A "quick resolution" could come in areas addressing the trade deficit and protection of intellectual property, said Mr Heng, who has spent the past week in Washington speaking to US lawmakers, officials in the Trump administration and industry experts.
"Many of the leaders and analysts I've spoken to have held the view that this is not just a trade dispute, this is a more complex competition in technology and strategic influence," Mr Heng said in an interview on Wednesday in San Francisco, on the last leg of his US trip. "That means this is not something that will be resolved overnight."
While Singapore has stayed "neutral" with both countries, according to Mr Heng, it is caught in a potential crossfire between China, its biggest trading partner, and the United States, a key ally and investor.
Senior US and Chinese officials are scheduling more face-to-face trade talks in an effort to reach a deal by early next month that US President Donald Trump and his Chinese counterpart Xi Jinping could sign.

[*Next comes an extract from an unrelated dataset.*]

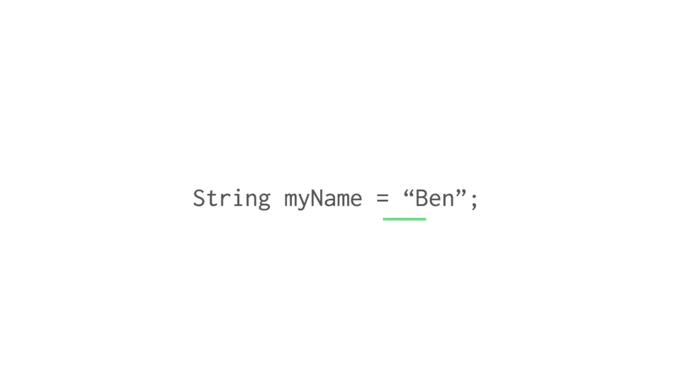We then use the equal sign to put this string into the variable, or in other words, set myName equal to Ben.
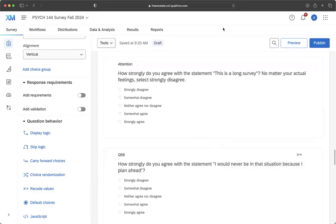Hey, y'all. This is the attention check video that y'all failed. Remember that only half of you completed the attention check question correctly. So it's a good reminder that people, when they're taking surveys, sometimes are not reading everything all the way through.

The rift between the world's two biggest economies has roiled markets and threatened global growth.
Earlier this month, the International Monetary Fund cut its outlook for global growth to the lowest since the financial crisis a decade ago, amid a bleaker outlook in most major advanced economies and signs that higher tariffs are weighing on trade.
On Wednesday, Singapore government data showed electronics exports last month slumped by the most since 2013, while global tech giant IBM is closing its technology park in Tampines and moving its high-end manufacturing to the US.
"We must expect there will be changes in how companies relocate their operations in different parts of the world," Mr Heng said, adding that "for Singapore, as a small, open economy, we must be prepared for changes in the global environment".
Singapore has monetary and fiscal policy tools to adjust to changes in the global outlook, and will use this period of uncertainty to "redouble" efforts to restructure its economy and industries, he said.